**Exercise:** Every word in the data below belongs in your copy, exactly as given; the pictures do not.

--- Input Enclosed Below ---

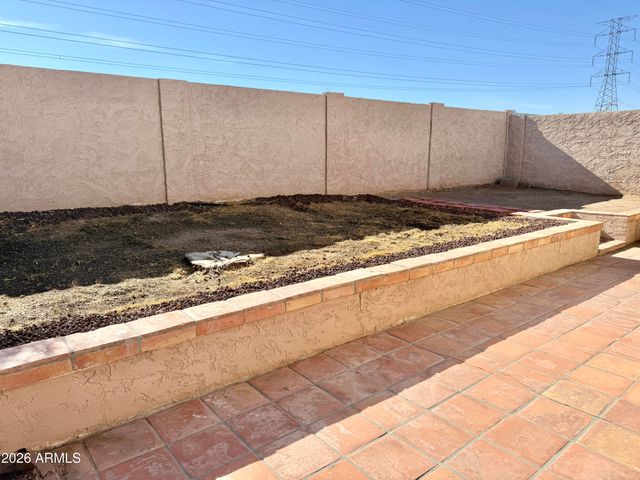 3943 W Whispering Wind Drive, Glendale, AZ 85310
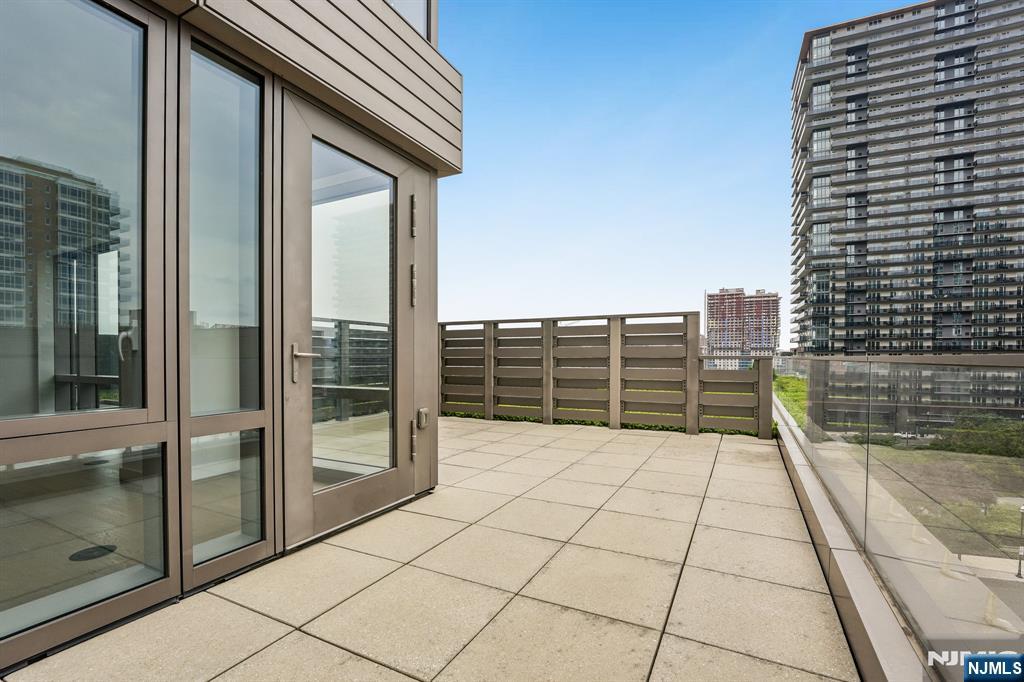 75 Park Lane Property Photo 14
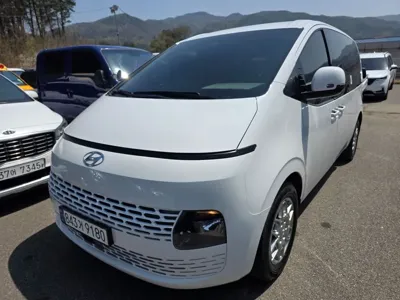 Hyundai Staria · 2023 год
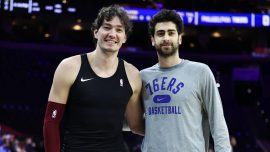 NBA'deki Türk oyunculardan karşılaştıkları maç öncesi dostluk pozu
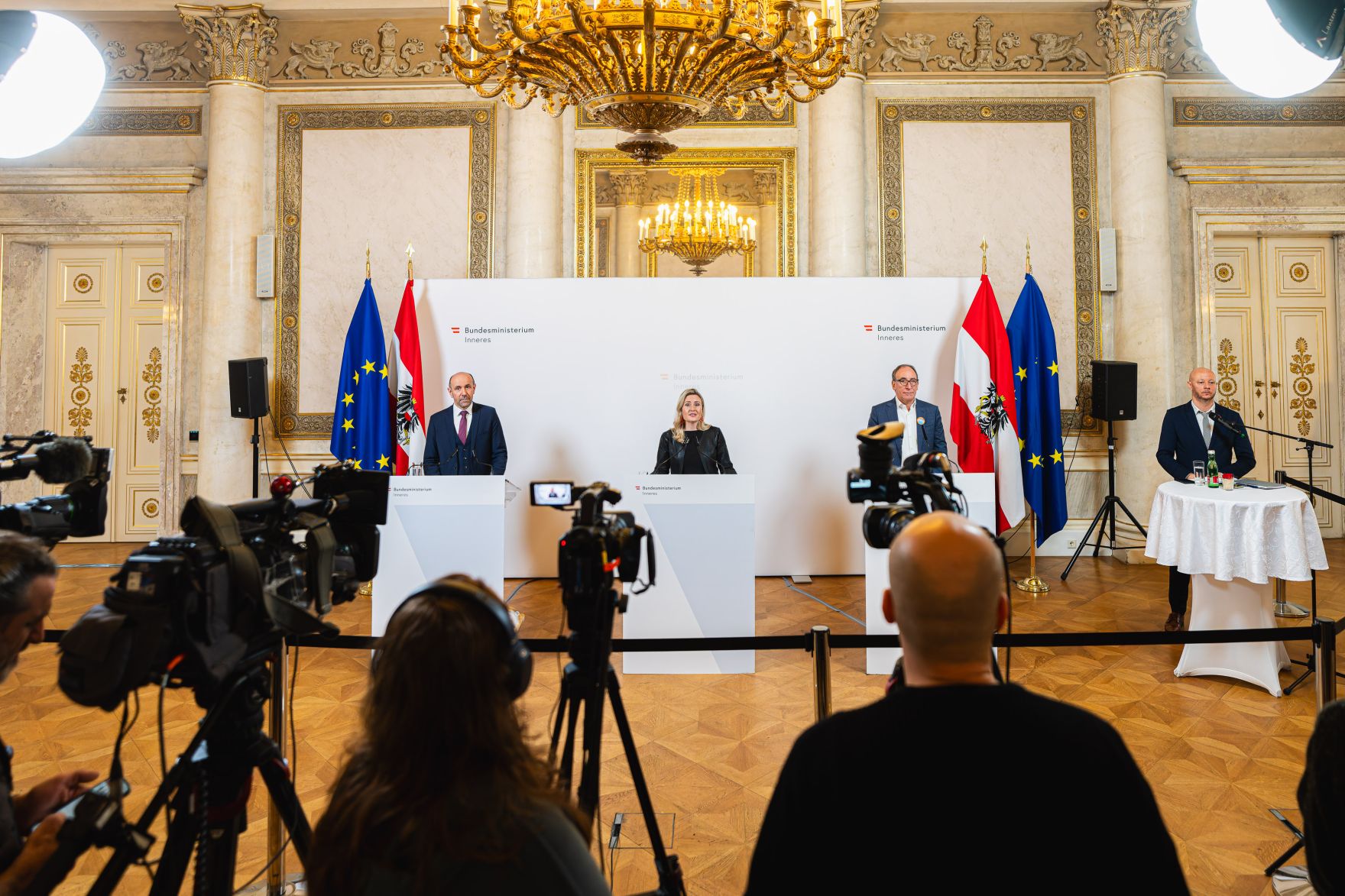 Am 26. November 2024 nahm Bundesministerin Susanne Raab (m.) am 5. Gewaltschutzgipfel im Innenministerium teil. Im Bild mit Bundesminister Johannes Rauch (r.) und Franz Ruf Generaldirektor f&uuml;r die &ouml;ffentliche Sicherheit (l.).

--- End of Enclosed Input ---

**Answer to this task:**
 3943 W Whispering Wind Drive, Glendale, AZ 85310
 75 Park Lane Property Photo 14
 Hyundai Staria · 2023 год
 NBA'deki Türk oyunculardan karşılaştıkları maç öncesi dostluk pozu
 Am 26. November 2024 nahm Bundesministerin Susanne Raab (m.) am 5. Gewaltschutzgipfel im Innenministerium teil. Im Bild mit Bundesminister Johannes Rauch (r.) und Franz Ruf Generaldirektor f&uuml;r die &ouml;ffentliche Sicherheit (l.).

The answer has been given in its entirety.